Inquiétudes sur la prise de poids des porte-conteneurs

            La dernière note de synthèse de l'ISEMAR (novembre 2007) est l'occasion de s'interroger sur l'avenir du porte-conteneurs, de plus en plus gros. On annonce maintenant des navires de 16000 EVP (l'«équivalent vingt pied » est une unité de mesure usuelle représentant l'équivalent d'un conteneur basique)! En effet, sur le marché actuel du transport, les navires sont de d'autant plus rentables qu'ils permettent de transporter d'EVP. Avec le même équipage, on peut en effet transporter plus de marchandise, et les frais de port et de franchissement des canaux augmentent moins vite que la capacité en EVP du navire. D'où, selon le mémoire de Ludovic Gérard (ATMA 2007), un gain net de 30 % sur le coût de transport d'un conteneur entre un 6500 EVP et un 115000 EVP. On peut comprendre que les armateurs se précipitent sur ces grands bateaux…

        Seulement, cette course au gigantisme génère quelques inquiétudes : Paul Tournet, dans cette dernière note de l'ISEMAR, insiste sur les problèmes de sécurité générés par les porte-conteneurs. Le principal avantage des conteneurs, sa facilité et rapidité de chargement/déchargement, est à double tranchant : ne manipulant pas directement la marchandise, le capitaine doit se fier aux indications et au travail du chargeur. Il en découle que 15% des conteneurs sont mal équilibré à l'intérieur, et que 18% présentent une surcharge de plus de 6 tonnes. De plus de la marchandise dangereuse peut se cacher dans des conteneurs non signalés… De tout ceci découle des pertes de conteneurs assez fréquentes (« entre 5 à 15000 par an »), notamment par gros temps. Ces conteneurs perdus peuvent contenir des marchandises dangereuses (celles ci sont censés être stockés dans des conteneurs accessibles en haut du navire, qui auront tendance à être emporté en premier), flotter et constituer ainsi des obstacles à la navigation…

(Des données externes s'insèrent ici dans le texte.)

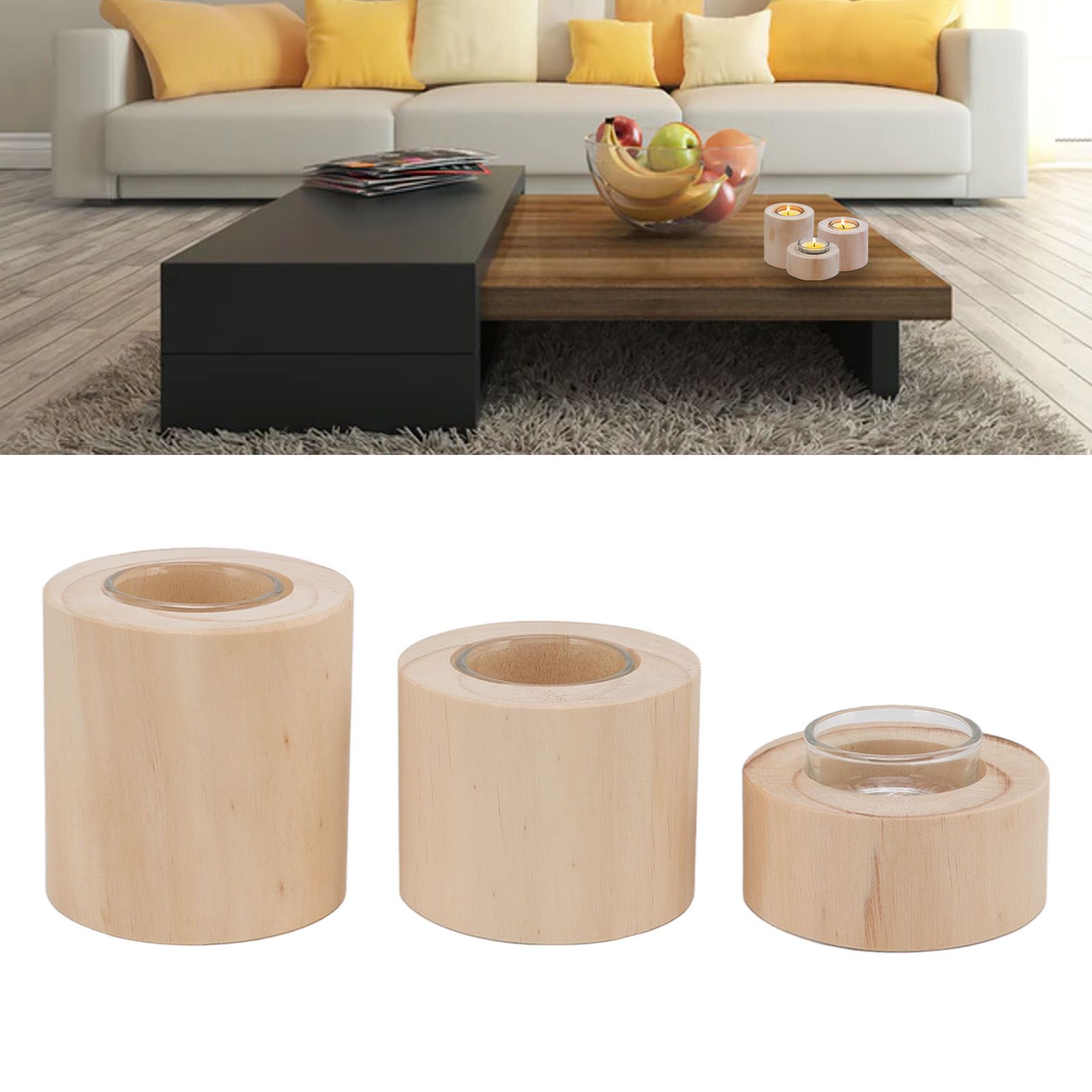 3Pcs Wooden Candle Cup Holders Low Medium High Simple Wooden Candlestick for view 12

        Certes, mais alors quel est le rapport avec la taille des navires? En fait, les portes conteneurs actuels ont tendance à grandir plutôt en hauteur et en largeur, le tirant d'eau ne pouvant pas être augmenté beaucoup (sinon rapidement des problèmes se posent, dans les ports, le canal de panama, voir le franchissement de la manche !). Ces navires auront donc une plus grande surface latérale de prise au vent, ce qui augmente les risques lors des tempêtes, et pourrait même constituer une menace sur l'intégrité des navires, les forces de flexion et de torsion étant considérable. Les nouveaux navires de 11000 EVP n'étant que des 6500 EVP adaptés, gardant la même architecture navale (voir à ce sujet un mémoire de l'ATMA par Ludovic Gérard "De 6500 à 11500   EVP sur un même concept, jusqu'où sera t'il possible d'aller?"), Paul Tourel s'inquiète sur la sécurité des navires eux même. Sur ce dernier point, il semble cependant difficile de croire que la sécurité de navires tout récents, si cher et à la durée de vie si longue (un porte-conteneurs s'amortit sur 30 ans) ait pu être négligé par les armateurs…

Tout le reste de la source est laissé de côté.